=== Begin Enclosure ===
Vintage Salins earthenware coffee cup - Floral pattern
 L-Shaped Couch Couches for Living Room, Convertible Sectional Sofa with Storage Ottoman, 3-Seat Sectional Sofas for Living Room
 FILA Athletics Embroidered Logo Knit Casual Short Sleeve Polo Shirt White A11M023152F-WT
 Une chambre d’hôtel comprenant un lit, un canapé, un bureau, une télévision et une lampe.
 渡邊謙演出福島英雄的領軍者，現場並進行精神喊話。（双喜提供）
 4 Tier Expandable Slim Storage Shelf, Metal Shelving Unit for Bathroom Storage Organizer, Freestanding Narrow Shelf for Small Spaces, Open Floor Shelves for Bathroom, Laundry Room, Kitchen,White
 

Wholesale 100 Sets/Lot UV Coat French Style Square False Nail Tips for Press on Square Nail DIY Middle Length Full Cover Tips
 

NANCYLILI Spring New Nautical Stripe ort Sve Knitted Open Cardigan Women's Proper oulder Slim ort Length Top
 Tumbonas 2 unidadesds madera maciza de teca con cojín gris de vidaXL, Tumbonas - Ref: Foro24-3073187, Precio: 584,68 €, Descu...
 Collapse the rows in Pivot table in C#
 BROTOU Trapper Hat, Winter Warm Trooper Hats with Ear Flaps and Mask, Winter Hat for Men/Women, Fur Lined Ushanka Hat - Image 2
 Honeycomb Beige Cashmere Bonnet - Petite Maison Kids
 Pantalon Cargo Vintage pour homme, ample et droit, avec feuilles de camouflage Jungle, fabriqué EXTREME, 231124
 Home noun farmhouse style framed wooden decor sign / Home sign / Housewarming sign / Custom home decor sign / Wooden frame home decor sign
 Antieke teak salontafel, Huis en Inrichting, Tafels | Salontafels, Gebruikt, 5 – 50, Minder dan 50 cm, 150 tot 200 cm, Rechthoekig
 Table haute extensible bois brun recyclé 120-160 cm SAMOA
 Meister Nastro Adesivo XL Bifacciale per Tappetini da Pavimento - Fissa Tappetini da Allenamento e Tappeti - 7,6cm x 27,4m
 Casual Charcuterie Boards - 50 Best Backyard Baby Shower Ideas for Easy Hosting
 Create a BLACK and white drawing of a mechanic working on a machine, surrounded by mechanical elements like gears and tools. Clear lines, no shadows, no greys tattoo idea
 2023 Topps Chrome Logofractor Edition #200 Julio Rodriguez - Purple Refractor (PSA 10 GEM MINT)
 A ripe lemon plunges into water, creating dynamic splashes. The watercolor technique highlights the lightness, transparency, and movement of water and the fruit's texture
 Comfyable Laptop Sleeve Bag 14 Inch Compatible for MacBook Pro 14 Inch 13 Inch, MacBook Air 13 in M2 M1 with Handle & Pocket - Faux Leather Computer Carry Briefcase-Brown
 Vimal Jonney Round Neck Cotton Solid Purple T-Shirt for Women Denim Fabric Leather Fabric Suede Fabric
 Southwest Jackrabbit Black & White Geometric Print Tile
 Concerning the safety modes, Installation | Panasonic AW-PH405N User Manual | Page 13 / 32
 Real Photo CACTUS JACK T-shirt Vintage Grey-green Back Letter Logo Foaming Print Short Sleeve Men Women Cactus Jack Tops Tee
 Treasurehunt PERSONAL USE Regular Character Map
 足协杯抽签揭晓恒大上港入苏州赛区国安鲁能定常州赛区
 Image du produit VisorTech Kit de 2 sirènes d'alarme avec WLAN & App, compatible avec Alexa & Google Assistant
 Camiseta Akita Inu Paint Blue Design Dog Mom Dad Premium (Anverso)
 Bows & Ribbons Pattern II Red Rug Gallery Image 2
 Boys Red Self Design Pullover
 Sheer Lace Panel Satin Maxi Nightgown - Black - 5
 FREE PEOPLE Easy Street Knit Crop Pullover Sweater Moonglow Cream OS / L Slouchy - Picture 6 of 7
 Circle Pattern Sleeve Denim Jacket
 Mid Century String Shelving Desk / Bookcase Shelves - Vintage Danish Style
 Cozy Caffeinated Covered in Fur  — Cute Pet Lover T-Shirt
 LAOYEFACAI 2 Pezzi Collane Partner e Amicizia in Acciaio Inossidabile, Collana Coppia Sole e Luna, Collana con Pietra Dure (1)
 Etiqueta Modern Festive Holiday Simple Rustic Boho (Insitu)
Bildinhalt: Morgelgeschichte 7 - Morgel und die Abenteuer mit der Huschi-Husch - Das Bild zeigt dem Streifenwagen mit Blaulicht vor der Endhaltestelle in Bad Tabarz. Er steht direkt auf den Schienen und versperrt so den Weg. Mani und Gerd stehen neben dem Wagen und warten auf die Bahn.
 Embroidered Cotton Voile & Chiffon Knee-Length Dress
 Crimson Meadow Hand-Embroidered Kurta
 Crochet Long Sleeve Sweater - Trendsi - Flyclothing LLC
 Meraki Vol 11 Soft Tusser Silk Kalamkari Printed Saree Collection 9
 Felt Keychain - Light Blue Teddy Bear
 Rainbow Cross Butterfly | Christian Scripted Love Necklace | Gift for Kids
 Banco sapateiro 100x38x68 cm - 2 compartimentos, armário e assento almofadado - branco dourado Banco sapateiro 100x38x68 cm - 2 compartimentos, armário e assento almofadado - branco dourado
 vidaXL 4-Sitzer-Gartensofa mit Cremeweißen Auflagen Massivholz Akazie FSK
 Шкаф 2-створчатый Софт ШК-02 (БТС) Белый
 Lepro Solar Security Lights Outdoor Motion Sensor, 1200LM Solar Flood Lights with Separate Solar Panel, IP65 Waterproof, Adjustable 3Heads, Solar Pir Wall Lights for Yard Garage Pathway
=== End Enclosure ===
Keeping each word as it stands, transcribe every entry.

:: RESPONSE BELOW ::
Vintage Salins earthenware coffee cup - Floral pattern
 L-Shaped Couch Couches for Living Room, Convertible Sectional Sofa with Storage Ottoman, 3-Seat Sectional Sofas for Living Room
 FILA Athletics Embroidered Logo Knit Casual Short Sleeve Polo Shirt White A11M023152F-WT
 Une chambre d’hôtel comprenant un lit, un canapé, un bureau, une télévision et une lampe.
 渡邊謙演出福島英雄的領軍者，現場並進行精神喊話。（双喜提供）
 4 Tier Expandable Slim Storage Shelf, Metal Shelving Unit for Bathroom Storage Organizer, Freestanding Narrow Shelf for Small Spaces, Open Floor Shelves for Bathroom, Laundry Room, Kitchen,White
 

Wholesale 100 Sets/Lot UV Coat French Style Square False Nail Tips for Press on Square Nail DIY Middle Length Full Cover Tips
 

NANCYLILI Spring New Nautical Stripe ort Sve Knitted Open Cardigan Women's Proper oulder Slim ort Length Top
 Tumbonas 2 unidadesds madera maciza de teca con cojín gris de vidaXL, Tumbonas - Ref: Foro24-3073187, Precio: 584,68 €, Descu...
 Collapse the rows in Pivot table in C#
 BROTOU Trapper Hat, Winter Warm Trooper Hats with Ear Flaps and Mask, Winter Hat for Men/Women, Fur Lined Ushanka Hat - Image 2
 Honeycomb Beige Cashmere Bonnet - Petite Maison Kids
 Pantalon Cargo Vintage pour homme, ample et droit, avec feuilles de camouflage Jungle, fabriqué EXTREME, 231124
 Home noun farmhouse style framed wooden decor sign / Home sign / Housewarming sign / Custom home decor sign / Wooden frame home decor sign
 Antieke teak salontafel, Huis en Inrichting, Tafels | Salontafels, Gebruikt, 5 – 50, Minder dan 50 cm, 150 tot 200 cm, Rechthoekig
 Table haute extensible bois brun recyclé 120-160 cm SAMOA
 Meister Nastro Adesivo XL Bifacciale per Tappetini da Pavimento - Fissa Tappetini da Allenamento e Tappeti - 7,6cm x 27,4m
 Casual Charcuterie Boards - 50 Best Backyard Baby Shower Ideas for Easy Hosting
 Create a BLACK and white drawing of a mechanic working on a machine, surrounded by mechanical elements like gears and tools. Clear lines, no shadows, no greys tattoo idea
 2023 Topps Chrome Logofractor Edition #200 Julio Rodriguez - Purple Refractor (PSA 10 GEM MINT)
 A ripe lemon plunges into water, creating dynamic splashes. The watercolor technique highlights the lightness, transparency, and movement of water and the fruit's texture
 Comfyable Laptop Sleeve Bag 14 Inch Compatible for MacBook Pro 14 Inch 13 Inch, MacBook Air 13 in M2 M1 with Handle & Pocket - Faux Leather Computer Carry Briefcase-Brown
 Vimal Jonney Round Neck Cotton Solid Purple T-Shirt for Women Denim Fabric Leather Fabric Suede Fabric
 Southwest Jackrabbit Black & White Geometric Print Tile
 Concerning the safety modes, Installation | Panasonic AW-PH405N User Manual | Page 13 / 32
 Real Photo CACTUS JACK T-shirt Vintage Grey-green Back Letter Logo Foaming Print Short Sleeve Men Women Cactus Jack Tops Tee
 Treasurehunt PERSONAL USE Regular Character Map
 足协杯抽签揭晓恒大上港入苏州赛区国安鲁能定常州赛区
 Image du produit VisorTech Kit de 2 sirènes d'alarme avec WLAN & App, compatible avec Alexa & Google Assistant
 Camiseta Akita Inu Paint Blue Design Dog Mom Dad Premium (Anverso)
 Bows & Ribbons Pattern II Red Rug Gallery Image 2
 Boys Red Self Design Pullover
 Sheer Lace Panel Satin Maxi Nightgown - Black - 5
 FREE PEOPLE Easy Street Knit Crop Pullover Sweater Moonglow Cream OS / L Slouchy - Picture 6 of 7
 Circle Pattern Sleeve Denim Jacket
 Mid Century String Shelving Desk / Bookcase Shelves - Vintage Danish Style
 Cozy Caffeinated Covered in Fur  — Cute Pet Lover T-Shirt
 LAOYEFACAI 2 Pezzi Collane Partner e Amicizia in Acciaio Inossidabile, Collana Coppia Sole e Luna, Collana con Pietra Dure (1)
 Etiqueta Modern Festive Holiday Simple Rustic Boho (Insitu)
Bildinhalt: Morgelgeschichte 7 - Morgel und die Abenteuer mit der Huschi-Husch - Das Bild zeigt dem Streifenwagen mit Blaulicht vor der Endhaltestelle in Bad Tabarz. Er steht direkt auf den Schienen und versperrt so den Weg. Mani und Gerd stehen neben dem Wagen und warten auf die Bahn.
 Embroidered Cotton Voile & Chiffon Knee-Length Dress
 Crimson Meadow Hand-Embroidered Kurta
 Crochet Long Sleeve Sweater - Trendsi - Flyclothing LLC
 Meraki Vol 11 Soft Tusser Silk Kalamkari Printed Saree Collection 9
 Felt Keychain - Light Blue Teddy Bear
 Rainbow Cross Butterfly | Christian Scripted Love Necklace | Gift for Kids
 Banco sapateiro 100x38x68 cm - 2 compartimentos, armário e assento almofadado - branco dourado Banco sapateiro 100x38x68 cm - 2 compartimentos, armário e assento almofadado - branco dourado
 vidaXL 4-Sitzer-Gartensofa mit Cremeweißen Auflagen Massivholz Akazie FSK
 Шкаф 2-створчатый Софт ШК-02 (БТС) Белый
 Lepro Solar Security Lights Outdoor Motion Sensor, 1200LM Solar Flood Lights with Separate Solar Panel, IP65 Waterproof, Adjustable 3Heads, Solar Pir Wall Lights for Yard Garage Pathway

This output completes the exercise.